During retired President Daniel arap Moi’s tenure, for instance, political leaders publicly negotiated and lobbied for new constituencies at public rallies.
And depending on their loyalties and anticipated political support from such bases, Moi unilaterally declared the creation of new constituencies at such public forums.
And although officials of electoral bodies were accorded the opportunity to routinely redraw the boundaries, they hardly contradicted the president’s order, and by and large only rubber-stamped the pronouncement.
Mukele is also worried about instances where members of certain communities and sub-tribes could be transferred to other areas with a view to influencing outcomes of political contests.
The former electoral boss has in mind the Teso, Sabaot and Kuria minorities, who live among the populous Luhya and Luo communities of western Kenya.

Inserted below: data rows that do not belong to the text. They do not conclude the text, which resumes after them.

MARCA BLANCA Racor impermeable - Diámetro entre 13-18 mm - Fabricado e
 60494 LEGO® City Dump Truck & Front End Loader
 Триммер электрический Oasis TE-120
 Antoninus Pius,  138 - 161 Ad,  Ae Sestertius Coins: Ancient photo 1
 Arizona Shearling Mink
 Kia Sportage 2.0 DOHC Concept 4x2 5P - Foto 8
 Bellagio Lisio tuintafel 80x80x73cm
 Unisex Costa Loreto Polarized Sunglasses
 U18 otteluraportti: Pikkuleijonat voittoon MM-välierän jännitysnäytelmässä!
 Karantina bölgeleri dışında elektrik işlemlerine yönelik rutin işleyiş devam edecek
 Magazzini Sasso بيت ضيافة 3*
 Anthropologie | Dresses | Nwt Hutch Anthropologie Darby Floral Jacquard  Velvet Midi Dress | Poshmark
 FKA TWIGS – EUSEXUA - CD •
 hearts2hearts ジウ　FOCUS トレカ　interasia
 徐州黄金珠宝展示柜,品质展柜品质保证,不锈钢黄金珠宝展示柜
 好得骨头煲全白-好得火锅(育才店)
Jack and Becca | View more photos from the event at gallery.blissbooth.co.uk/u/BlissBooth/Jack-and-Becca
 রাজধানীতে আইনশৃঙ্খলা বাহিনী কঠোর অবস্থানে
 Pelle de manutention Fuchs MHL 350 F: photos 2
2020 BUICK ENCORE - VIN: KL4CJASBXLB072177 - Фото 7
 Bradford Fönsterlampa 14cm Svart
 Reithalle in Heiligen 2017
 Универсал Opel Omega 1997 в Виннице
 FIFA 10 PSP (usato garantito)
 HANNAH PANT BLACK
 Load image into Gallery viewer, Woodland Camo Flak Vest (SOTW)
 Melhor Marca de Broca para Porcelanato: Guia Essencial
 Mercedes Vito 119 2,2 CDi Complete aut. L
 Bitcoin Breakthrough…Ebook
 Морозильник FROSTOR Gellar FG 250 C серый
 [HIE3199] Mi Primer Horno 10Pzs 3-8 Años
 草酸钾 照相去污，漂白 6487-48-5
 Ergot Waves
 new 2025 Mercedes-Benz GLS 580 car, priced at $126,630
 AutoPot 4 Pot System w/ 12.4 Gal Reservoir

“This scenario is reflected across the country, including in urban areas like Nairobi where certain communities are dominant in given constituencies.
"If review of boundaries is not carried out objectively, including at wards level, some communities may never get opportunity to ascend to political leadership positions,” Mukele opined.
Murathe however points out that the mood in the country is for it to reduce the current 290 constituencies into fewer economically manageable ones.
“The technological era now is such that an MP can smartly run a highly populated or expansive constituency with ease as long as they devise better ways of access to resources and development.”
Article 89 (3) and (8) of the constitution mandates IEBC to alter the names, boundaries of constituencies, and the number, names and boundaries of wards.
The boundaries delimitation exercise has previously concentrated on the naming and renaming of constituencies.
For the three terms he has served as MP, Leader of Minority John Mbadi has represented his constituents under three different names – Gwassi (2007-2013), Suba (2013-2017) and now currently Suba North.